*What to produce:* Reproduce the closing run of lines below verbatim, from the line that contains "Single beautiful rose" up to and including the final line.

*Dataset:*

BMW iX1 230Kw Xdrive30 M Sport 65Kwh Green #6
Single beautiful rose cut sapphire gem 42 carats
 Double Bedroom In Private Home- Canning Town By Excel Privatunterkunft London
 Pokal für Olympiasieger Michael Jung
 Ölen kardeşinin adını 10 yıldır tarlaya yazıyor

*Answer to the problem:*
Single beautiful rose cut sapphire gem 42 carats
 Double Bedroom In Private Home- Canning Town By Excel Privatunterkunft London
 Pokal für Olympiasieger Michael Jung
 Ölen kardeşinin adını 10 yıldır tarlaya yazıyor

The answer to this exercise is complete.